Tali esperienze, che hanno interessato prevalentemente
portatori di handicaps motori, mantengono tutta la
loro validità anche per soggetti portatori di handicaps
psichici, come tramite efficace per la acquisizione
di capacità generiche, già collegate con il mondo del lavoro e anche di una
professionalità specifica attraverso meccanismi di imitazione, di
identificazione e con un insegnamento diretto e più immediato.
Pare interessante riferire qui di un incontro che si
è svolto l'11 giugno 1981 presso il Poliambulatorio di Staranzano,
presenti un gruppo di «tirocinanti», il Segretario della Federazione
provinciale unitaria CGIL-CISL-UIL, Pini e alcuni operatori del Consorzio
provinciale di assistenza e riabilitazione di Gorizia.

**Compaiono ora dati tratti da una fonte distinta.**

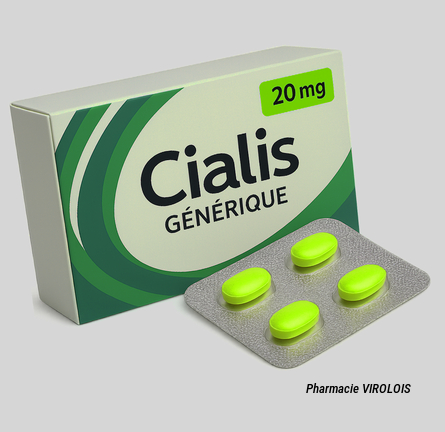 cialis
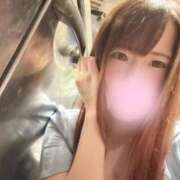 ヒメ日記 2025/09/20 14:52 投稿 まな Felice(フェリス)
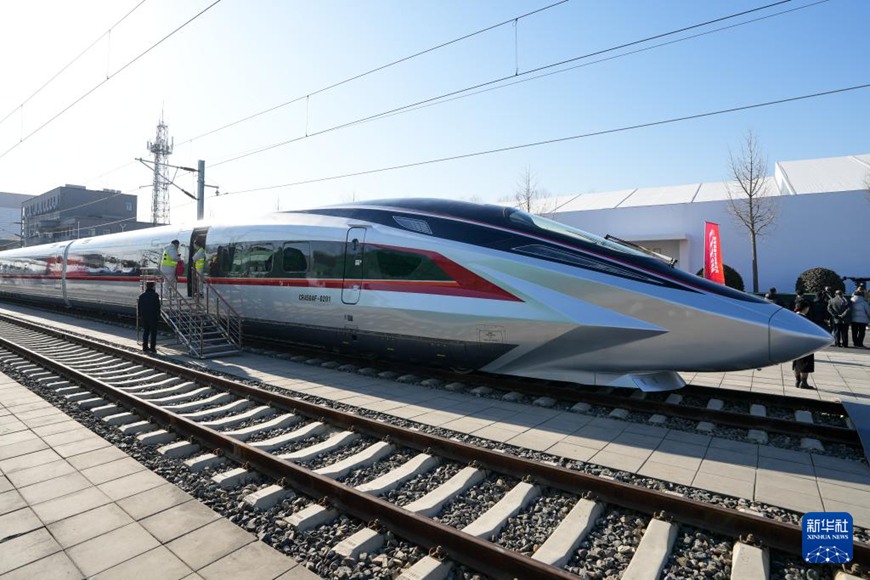 ???? CR450AF? ????? [12? 29? ??/?? ??: ???]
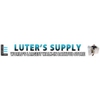 Luter's Supply gallery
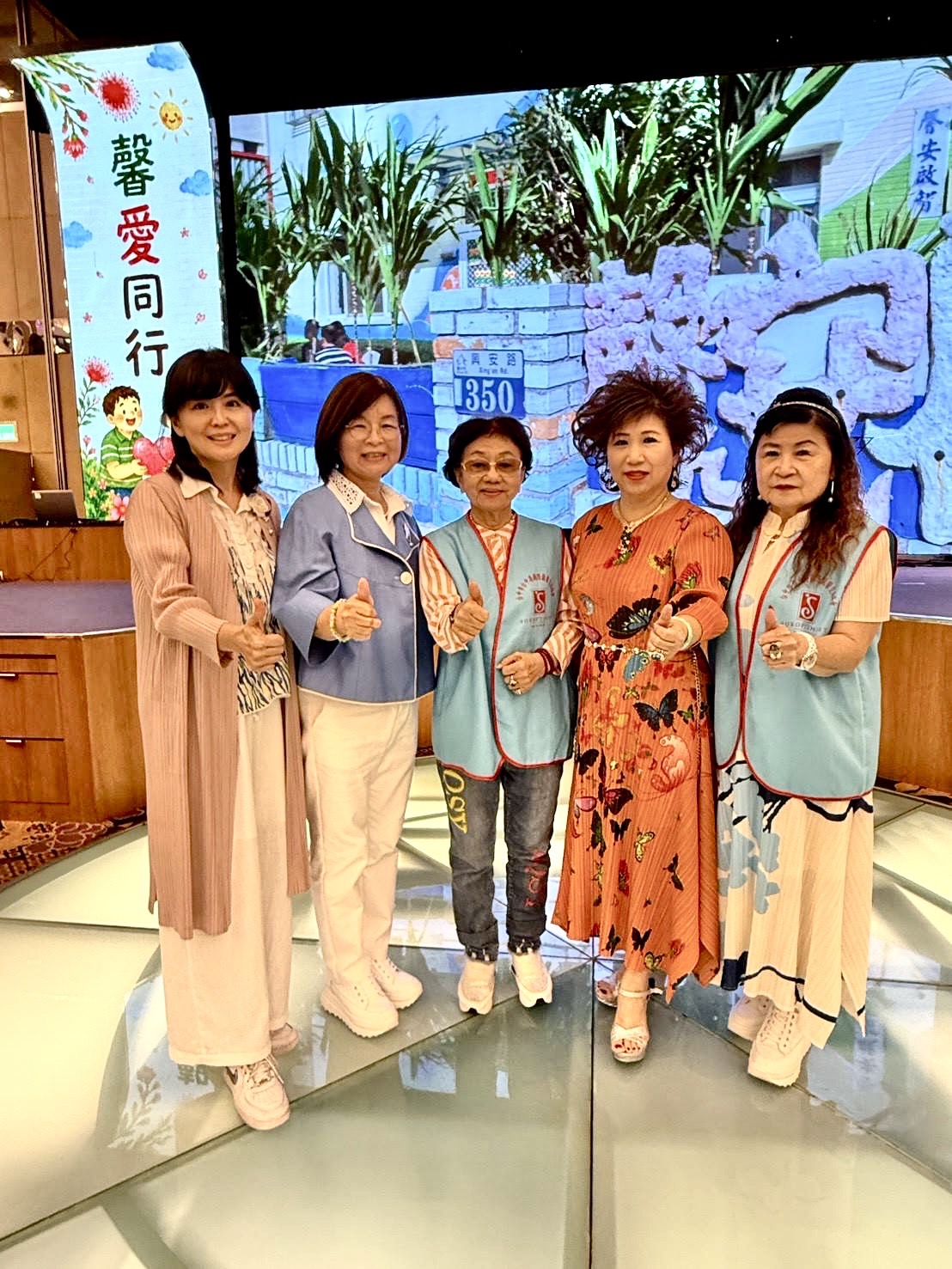 (圖/翻攝記者 彭美惠 謝榮浤)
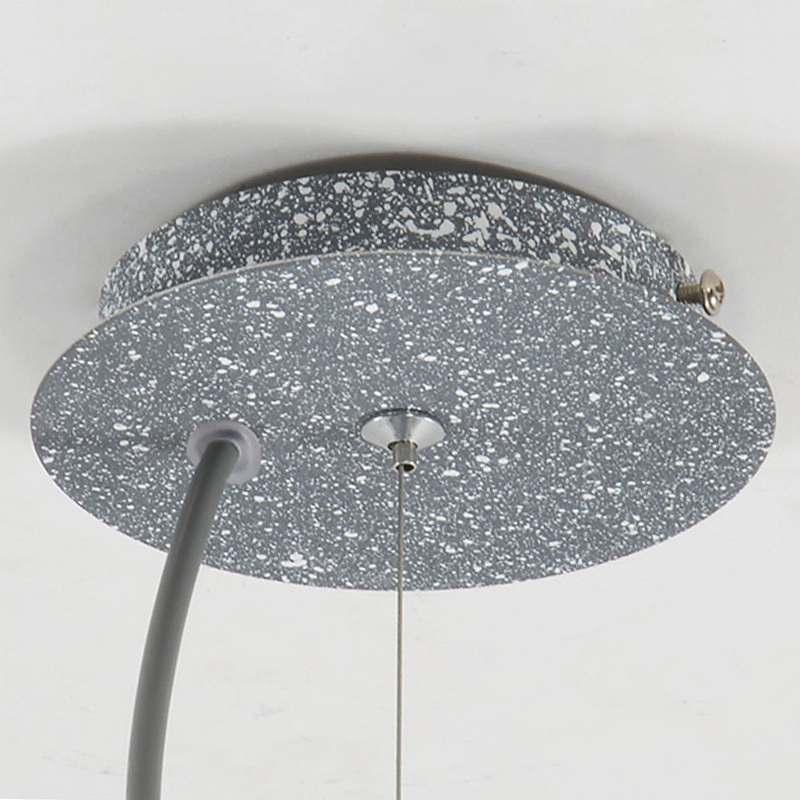 Подвесной светильник PUMPKIN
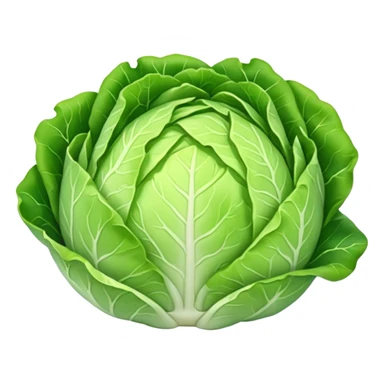 iceberg lettuce sticker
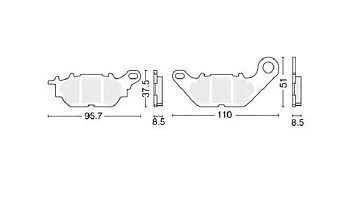 7d2684cb-fa21-11e8-95f8-902b349a0988_fe3ba3c9-82f7-11ea-b489-1831bfb21ea3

Sono emersi molto chiaramente in tale occasione, dalla esperienza comunicata da questi ragazzi, i punti
chiave relativi ai tirocini effettuati o in corso:
- fare il tirocinante è una testimonianza di rifiuto
di un ruolo assistenziale, evitando il ripiegamento
su interventi pensionistici alternativi al lavoro (vedi errata impostazione
della legge 18 sull'assegno di accompagnamento, che risulta incompatibile con
la condizione lavorativa);
- esprimere in concreto la volontà
di avere un posto di lavoro, acquistando il più possibile una professionalità;
- anche l'handicappato intende collocarsi nell'ambito
del problema più generale della disoccupazione giovanile e della
attuale grave crisi economica, scegliendo però di lottare piuttosto che
rinunciare al posto di lavoro;
- la disponibilità di fornire queste opportunità
formative da parte di alcune amministrazioni locali è
un fatto politico molto importante. Ci troviamo però
davanti ad una grave contraddizione, non sempre imputabile a queste stesse amministrazioni;
spetta ancora all'amministrazione farsi portatore di queste istanze presso gli
organi preposti per la individuazione del posto di lavoro. Solo in due
situazioni su nove si é avuto, dopo un periodo
determinato di tirocinio, l'assunzione, ed in un solo caso questo si è verificato
nell'ambito della pubblica amministrazione;
- non è di secondario rilievo il fatto che si
fornisca un incentivo finanziario ai giovani interessati a questo tipo di esperienza; questo aspetto però non è regolamentato e
non si verifica per tutti: esso avrebbe il significato di un concreto
riconoscimento del lavoro svolto, motivandolo maggiormente anche nella
direzione di una autonomia economica.
Vogliamo fare qui un accenno ad un tirocinio guidato,
dove viene garantita la presenza di un operatore che
si sta conducendo presso l'Ospedale civile di Monfalcone.
Tale tirocinio risponde ad esigenze che vanno al di là del
problema addestrativo in senso stretto. Esso
significa opportunità di maturazione personale, di un contatto più concreto
con il reale, di confronto con il mondo del lavoro, di conoscenza e approccio
più diretto con i diritti-doveri propri dello status di lavoratore.
Per superare limiti e contraddizioni in cui si
muovono queste esperienze, vi è una forte aspettativa
sulla nuova legge regionale che sarà prossimamente portata in aula consiliare
e che tratterà specificamente di interventi atti a favorire l'integrazione
sociale e l'inserimento lavorativo di soggetti portatori di handicaps.
Tale legge prevede interventi di supporto tecnico ed economico nei confronti
di singole realtà produttive, in ordine all'obiettivo
della formazione professionale e dell'inserimento lavorativo.